Но выбор съедобных еще яблок между массой гнилых, которые продувная дочь израилева старалась незаметно подсунуть молодому покупателю, потребовал столько времени, что, когда Высоцкий рассчитался с продавщицей, приятеля его и след простыл. Ускорив шаг, он нагнал его только на середине моста через реку Остер, отделяющую главную часть города от пригорода.

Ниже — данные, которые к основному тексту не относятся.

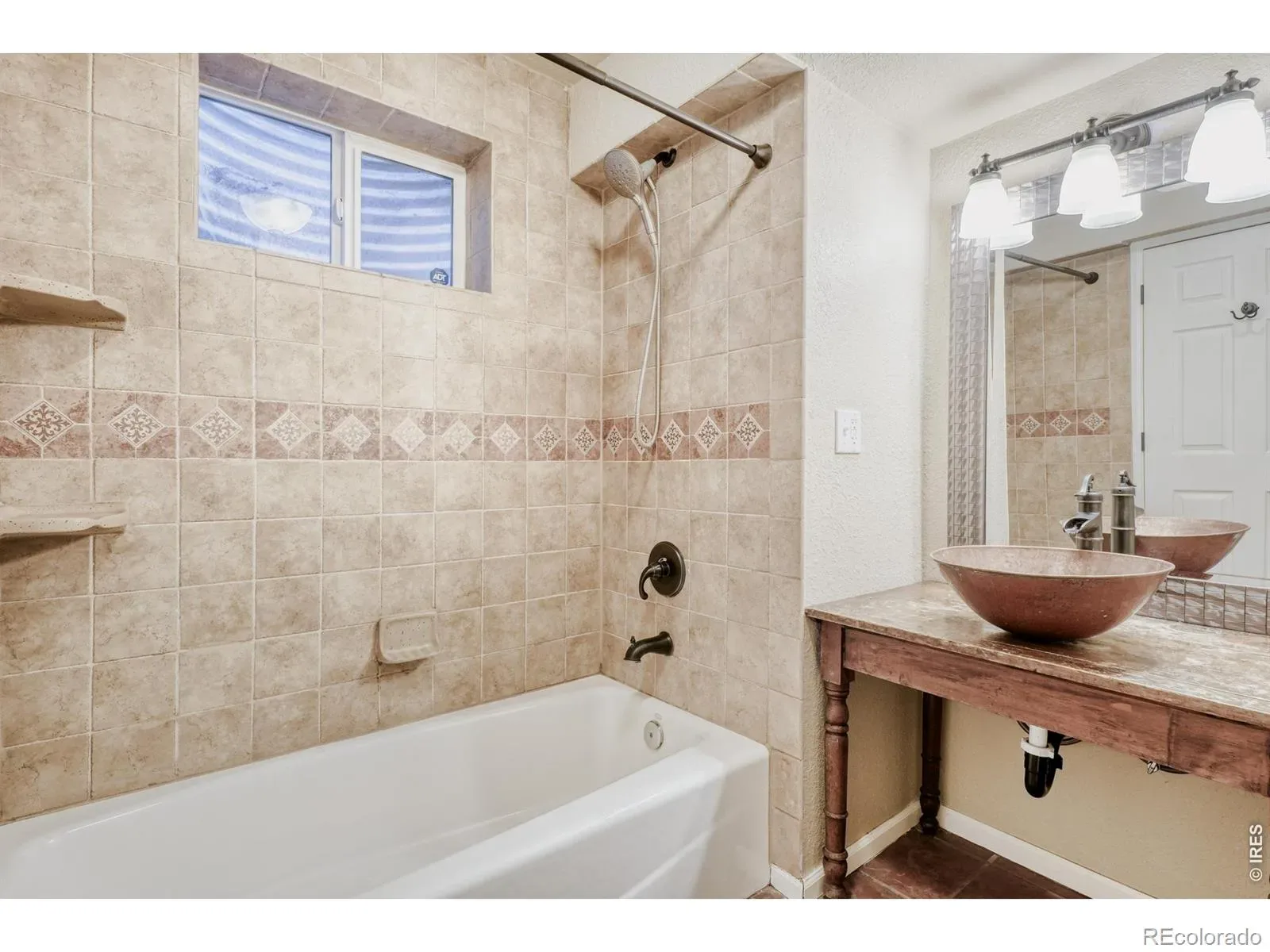 16623 E Powers Place Centennial CO 80015 MLS #RECIR1054616 03262026163856 1600 32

Опершись обеими руками на деревянные перила моста, Гоголь так упорно загляделся вниз, в протекавшую под мостом воду, что не расслышал даже шагов подходящего к нему Высоцкого. Тот с недоумением перегнулся также через перила, чтобы узнать, что могло так приковать внимание его друга. Но чрезвычайного там ничего не оказалось, разве лишь то, что Остер, в летние месяцы высыхающий до состояния чуть не ручья и покрывающийся тогда зеленой «ряской», недавно вскрывшись от ледяной коры, был еще так многоводен, что на нем разъезжали даже три-четыре лодки.

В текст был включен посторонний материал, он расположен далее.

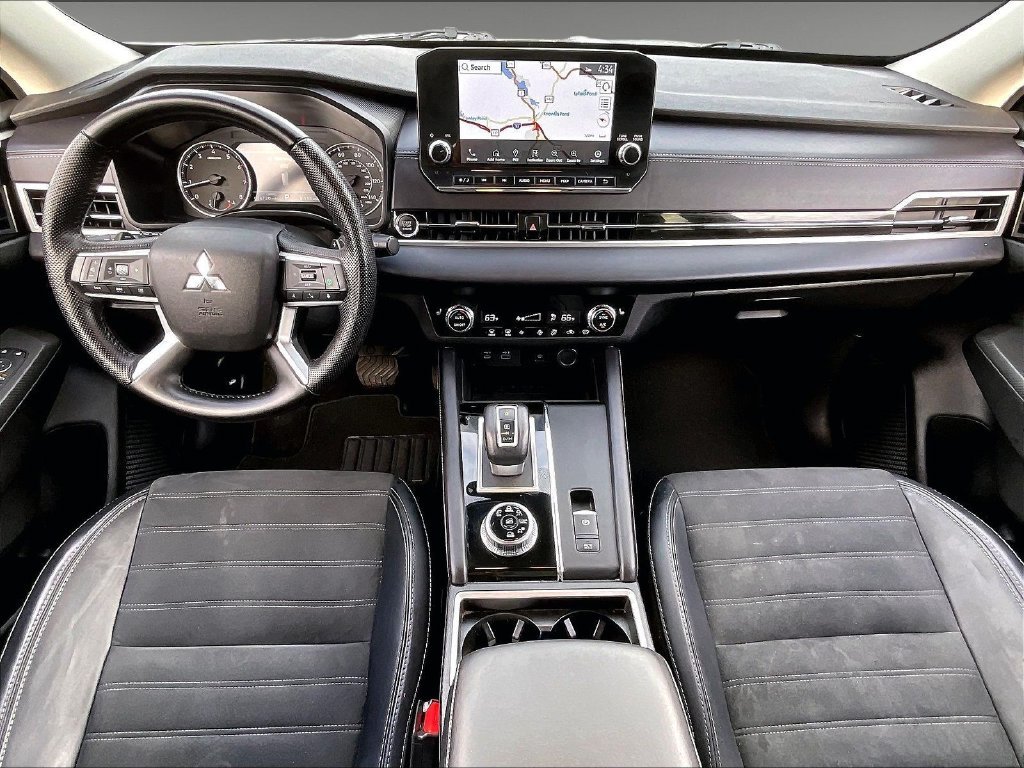 Used 2024 Silver Mitsubishi SE image 21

— Чего ты там не видал, дружище? — прервал Высоцкий размышления друга.

Гоголь не переменил положения, не повернул даже головы.

— А вот соображаю, — отвечал он, — если прыгнуть отсюда с моста — можно ли потонуть, или нет?

Говорил это с таким оттенком безнадежности в голосе, что Высоцкий слегка даже всполошился.

— При желании можно потонуть и в луже, — отозвался он тем саркастическим, убежденным в своей непогрешимости тоном, который на других пансионеров оказывал всегда неотразимое действие, — стоит только окунуться лицом и задержать дыхание, пока не захлебнешься. Но ты-то, Яновский, и здесь, в реке, не потонешь.

— Почему нет?

— Потому что, попав в эту ледяную ванну, тотчас караул закричишь.

— Ну, нет, не закричу. Столько-то у меня хватит силы воли. В первый момент, правда, будет очень холодно: но как только окоченею, так — полное, вечное забвение…

— Так что и не заметишь, как всплывешь опять наверх, — подхватил Высоцкий, — как тебя вытащут на берег, как поволокут в полицию, разложат на столе и станут потрошить, чтобы узнать подлинную причину твоей смерти.